Indian historian, Indologist, and polyglot (1904–1974)

Sondekoppa Srikanta Sastri (5 November 1904 – 10 May 1974) was an Indian historian, Indologist, and polyglot. He authored around 12 books, over two hundred articles, several monographs and book reviews over four decades in English, Kannada, Telugu and Sanskrit. These include "Sources of Karnataka History", "Geopolitics of India & Greater India", "Bharatiya Samskruthi" (a compendium on Indian culture and tradition) and "Hoysala Vastushilpa" (a study of temple architecture of the Hoysala period in Karnataka). S. Srikanta Sastri was a polyglot well versed in fourteen languages spanning Greek, Latin, Pali, Prakrit, Sanskrit and German among others. He was Head of the Department of History & Indology at Maharaja College, University of Mysore between 1940 and 1960. He was conferred the Kannada Literary Academy award in 1970 and was subsequently honoured by Governor of Karnataka Mohanlal Sukhadia in 1973 during mythic society diamond jubilee function. A Festschrift was brought forth and presented to him during his felicitation function in 1973 titled "Srikanthika" with articles on History and Indology by distinguished scholars.
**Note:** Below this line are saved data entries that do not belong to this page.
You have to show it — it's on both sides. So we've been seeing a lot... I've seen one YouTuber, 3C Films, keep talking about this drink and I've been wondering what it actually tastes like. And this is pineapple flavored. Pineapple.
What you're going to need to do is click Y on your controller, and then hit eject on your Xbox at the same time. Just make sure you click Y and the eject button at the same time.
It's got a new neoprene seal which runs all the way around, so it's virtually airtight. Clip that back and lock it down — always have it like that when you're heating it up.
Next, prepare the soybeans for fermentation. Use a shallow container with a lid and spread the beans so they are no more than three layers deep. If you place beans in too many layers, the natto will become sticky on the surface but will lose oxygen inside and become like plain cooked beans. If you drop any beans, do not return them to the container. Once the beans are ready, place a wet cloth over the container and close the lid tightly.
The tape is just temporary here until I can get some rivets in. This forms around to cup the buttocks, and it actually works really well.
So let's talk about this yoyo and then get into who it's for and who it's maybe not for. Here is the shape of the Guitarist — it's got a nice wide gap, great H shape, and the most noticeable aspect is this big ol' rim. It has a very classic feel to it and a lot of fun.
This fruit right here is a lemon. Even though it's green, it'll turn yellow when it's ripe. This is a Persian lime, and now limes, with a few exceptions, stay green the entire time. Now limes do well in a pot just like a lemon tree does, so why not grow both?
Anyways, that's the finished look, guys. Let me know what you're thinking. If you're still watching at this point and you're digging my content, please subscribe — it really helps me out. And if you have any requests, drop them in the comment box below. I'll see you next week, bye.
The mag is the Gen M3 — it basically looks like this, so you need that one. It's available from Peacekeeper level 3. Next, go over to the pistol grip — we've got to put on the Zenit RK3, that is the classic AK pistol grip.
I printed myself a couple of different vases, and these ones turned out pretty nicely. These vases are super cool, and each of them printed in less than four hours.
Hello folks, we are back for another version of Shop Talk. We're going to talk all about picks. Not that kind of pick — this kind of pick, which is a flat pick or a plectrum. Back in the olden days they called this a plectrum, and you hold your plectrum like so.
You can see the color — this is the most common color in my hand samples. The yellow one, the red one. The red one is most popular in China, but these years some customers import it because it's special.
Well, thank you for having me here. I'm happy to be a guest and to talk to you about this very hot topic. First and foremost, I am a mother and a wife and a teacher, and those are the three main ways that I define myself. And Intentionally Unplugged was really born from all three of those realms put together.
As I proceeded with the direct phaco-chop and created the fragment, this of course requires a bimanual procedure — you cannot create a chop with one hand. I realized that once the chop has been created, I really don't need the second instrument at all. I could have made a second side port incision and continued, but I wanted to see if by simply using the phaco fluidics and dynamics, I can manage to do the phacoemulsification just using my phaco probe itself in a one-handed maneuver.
His work on Indus Valley civilization and town planning at Harappa and Mohenjodaro were published in successive articles and drew considerable attention. His articles on The Aryan Invasion theory, the date of Adi Sankaracharya, Oswald Spengler's view on Indian culture, Jaina epistemology, Proto-Vedic religion of Indus Valley Civilization and evolution of the Gandabherunda insignia remain relevant today.

==Ancestry==
S. Srikanta Sastri was born into the a Mulukanadu Brahmin family and a scholarly lineage. A paternal ancestor - Yagnapathi Bhatta was a famous court poet in the court of Kempegowda. His maternal ancestor Umamahesvara Sastri, a renowned court poet in the Vijayanagara Kingdom had earned the title of "Abhinava Kalidasa" for his work "Bhagavata Champu". His uncles - Vidwan Motaganahalli Mahadeva Sastri, Vidwan Shankara Sastri and Asthan Maha Vidwan Ramasesha Sastri were eminent court poets in the Mysore Palace. Vidwan Ramshesha Sastri was the first person to translate "Bhagavata" to Kannada from Sanskrit.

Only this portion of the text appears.